For G-C base pair in Cs symmetry, the TD-ωB97XD/6–31G* method predicts the lowest two transitions (S1 and S2) as local excitations (LE) which are 1ππ* in nature. The corresponding transition energies are 5.22 eV and 5.32 eV, respectively, and the oscillator strengths of these states are 0.0616 and 0.1036, see Table 1. The third transition (S3) occurs at 5.45 eV with oscillator strength 0.0114 and it is also 1ππ*. It is due to the charge transfer from guanine to cytosine and designated as G(π)→C(π*) in Table 1. The S4 transition is a local excitation C(n)→C(π*) with excitation energy 5.72 eV. The S5, S6, S7 and S8 transitions are local excitations and they are 1ππ*, 1ππ*, 1nπ* and 1nπ* types and occur at excitation energies 5.75 eV, 5.92 eV, 5.94 eV, 6.44 eV and 6.45 eV, respectively. The excited states of G-C base pair in Cs symmetry was studied by Yamazaki and Taketsugu40 using the CC2/TZVP method.

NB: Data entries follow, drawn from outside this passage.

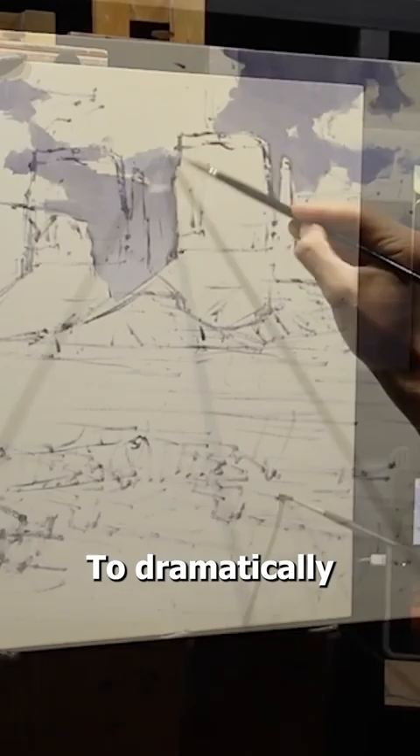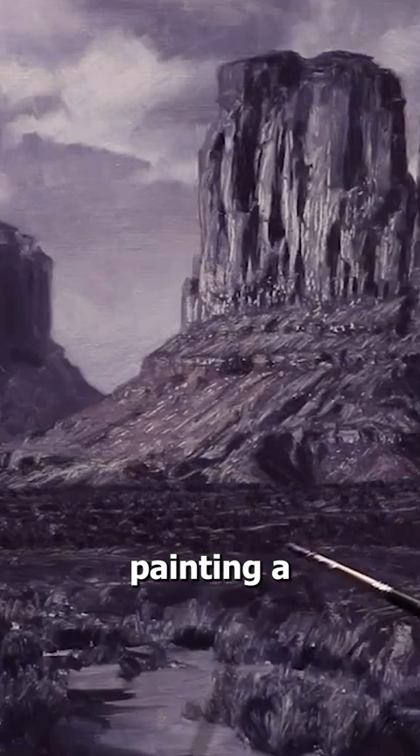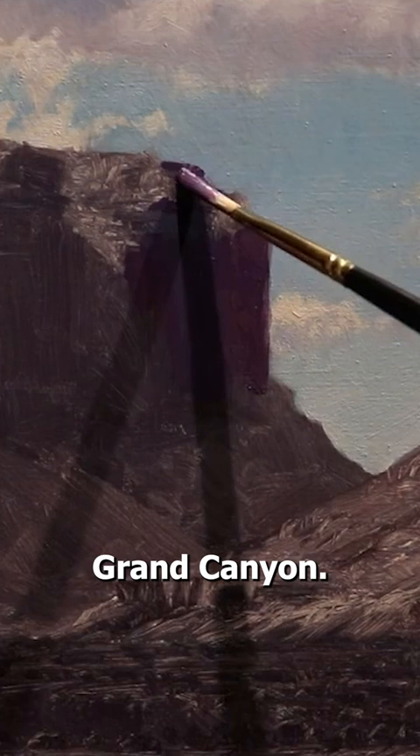...to dramatically improve your art. It doesn't matter if you're painting an image of Monument Valley like what I'm doing here. You could apply this to a kitten or the Grand Canyon. It doesn't matter.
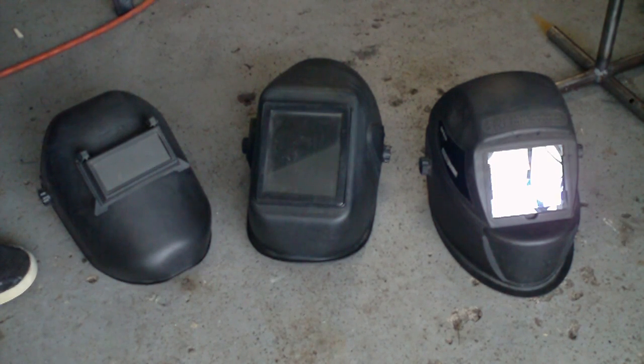Auto-darkening is really great and easy to use, but some of them take batteries and some are just way too expensive and not worth it. That's my quick video about welding helmets — I hope you enjoyed it. Please rate and subscribe.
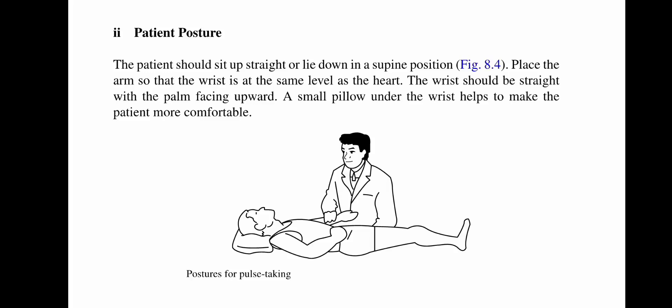The patient should sit up straight or lie down in a supine position. Place the arm so that the wrist is at the same level as the heart. The wrist should be straight with the palm facing upward. A small pillow under the wrist will help to make the patient more comfortable.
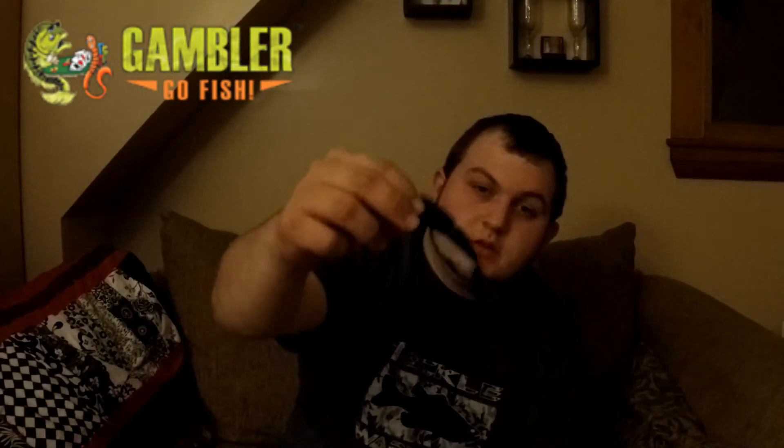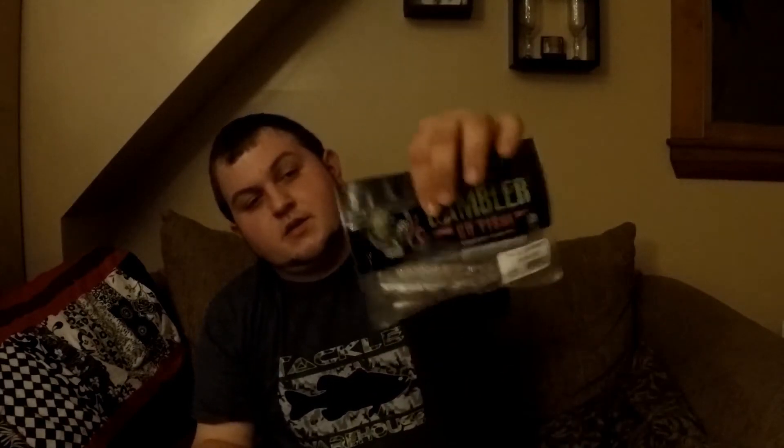We've got some Gambler easy swimmers — these are more for the swim jigs than anything, just paddle tail swimbaits. I got those in black and blue, phantom shad to imitate the shad, and ripe melon which is pretty much green pumpkin.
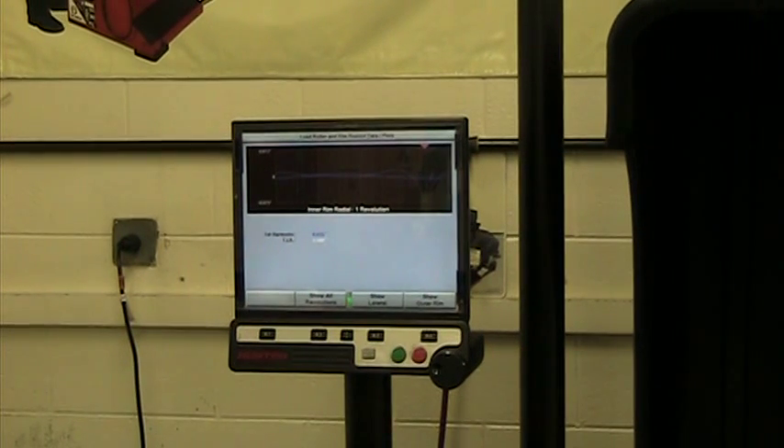The nice thing about this is after you measure a rim, you can go up to the customer and show them exactly where the bend is and how significant it is. It makes justifying the cost of a new rim a lot easier. This video showed you how to set up the balancer to do rim run out measurement — you can do the same thing on a steel wheel; I just did it on an alloy since it's a little bit easier to see. If you have any questions, throw them in the comment section. Thanks for watching.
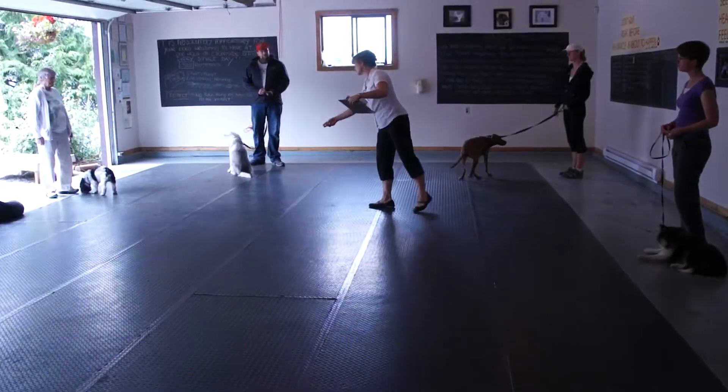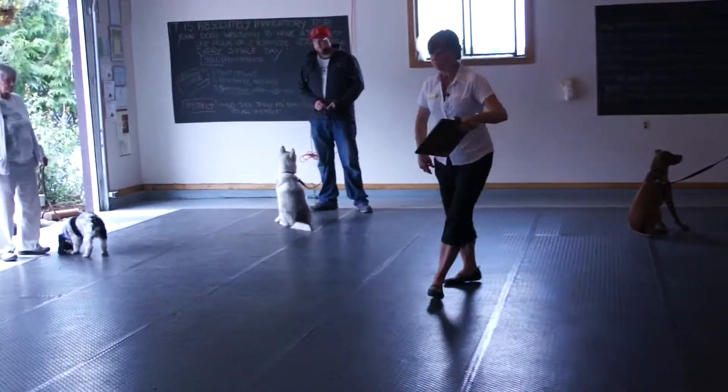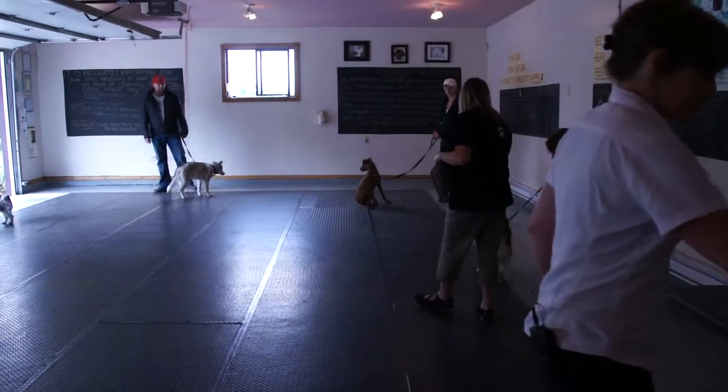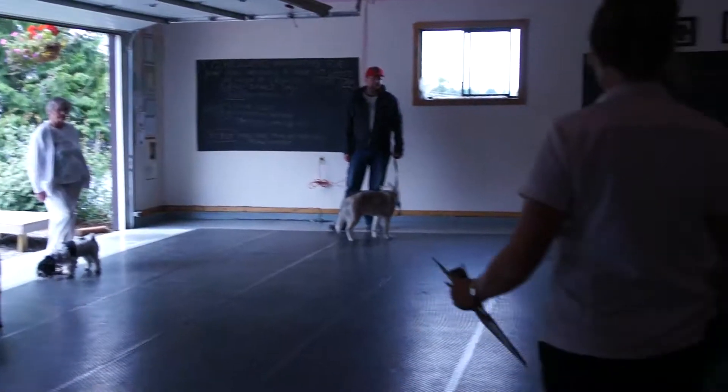You can let them come a little bit to us if you want, and then say leave it. I'm going to give you some treats here. Leave it. You just say it once and deal them back or step in.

The CC2/TZVP method also predicts the lowest four transitions (S1 – S4) as 1ππ*(LE), 1ππ*(LE), 1ππ*(CT) and 1nπ*(LE) as calculated using the ωB97XD/6–31G* method. The CC2/TZVP calculated excitation energies are 4.88 eV, 5.06 eV, 5.23 eV and 5.49 eV, respectively, see Table 1. The CC2/TZVP method predicts S5 and S6 as local excitations C(π)→C(π*), and G(π)→G(π*) while ωB97XD/6–31G* method predicts these transitions as G(π)→G(π*) and C(π)→C(π*). The S7 and S8 transitions calculated by the CC2/TZVP method are C(n)→C(π*) and G(n)→G(π*). Thus, we see that the ωB97XD/6–31G* method predicts S1 – S4 transitions of G-C base pair in good agreement with those calculated by the CC2/TZVP method having a maximum difference of ca. 0.3 eV, see Table 1.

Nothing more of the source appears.